The Morning Line

Despite the recent demise of corn, it is still a premium to CBOT wheat nearby. There are now some fairly widespread reports of some ethanol plants taking downtime rather than operate with corn at these levels.
US ethanol production fell 35,000 bpd to 880,000 pbd last week, using 92.4 million bushels of corn to do so. To meet the USDA's current estimate of 5 billion bushels going into ethanol manufacture in the current marketing year that total should be 104.2 million.
The USDA's weekly export sales report is out this afternoon. Trade estimates for corn are 700,000 to 1,200,000 MT (old and new crop combined, including the recent sale of almost 550,000 MT of new crop to Mexico). Soybean sales are only expected in the 100-200 TMT region, with wheat at 400-800 TMT.
French analysts Strategie Grains have this morning cut their EU-27 soft wheat production estimate by 6 MMT from last month to 125.6 MMT, now 1 MMT lower than last year.

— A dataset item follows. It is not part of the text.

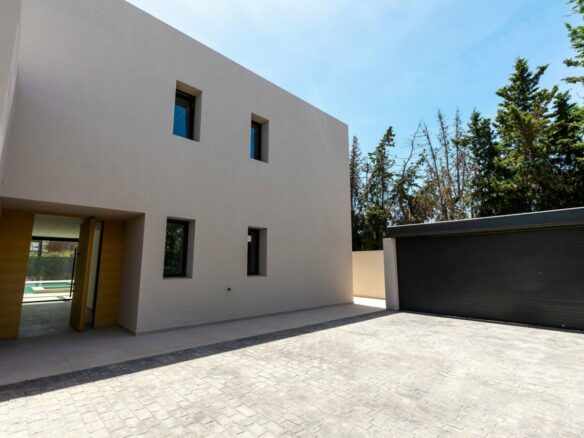 FOR SALE 🏡 New Build Four-Bedroom Villa with Basement to Customise – Cortijo Blanco, San Pedro de Alcántara 🇪🇸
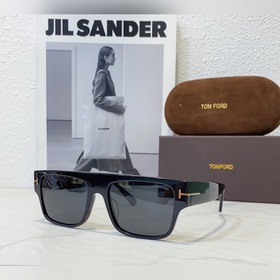TOM FORD Модель： FT0907 Размер： 55/19-145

They've correspondingly cut export projections for 2011/12 by 4 MMT from last month to 12.9 MMT, 6 MMT below what they expect in 210/11.
Barley production is seen down 2 MMT from last month to 52.2 MMT and the corn crop reduced 100,000 MT to 59.0 MMT.
It will be interesting to see how European markets react to that news today, if at all.
On the weather front at home we've got a band of rain, heavy in places, clearing southern counties of England around lunchtime before more rain comes in from the west to cover much of the country by Friday afternoon and into Saturday.
Anecdotal reports from many parts of the UK suggest that the wheat crop isn't looking as bad as feared after some decent rains finally arrived a month or so ago.
EU-27 rapeseed output will fall to a four year low of 18.9 MMT this year, according to Oil World.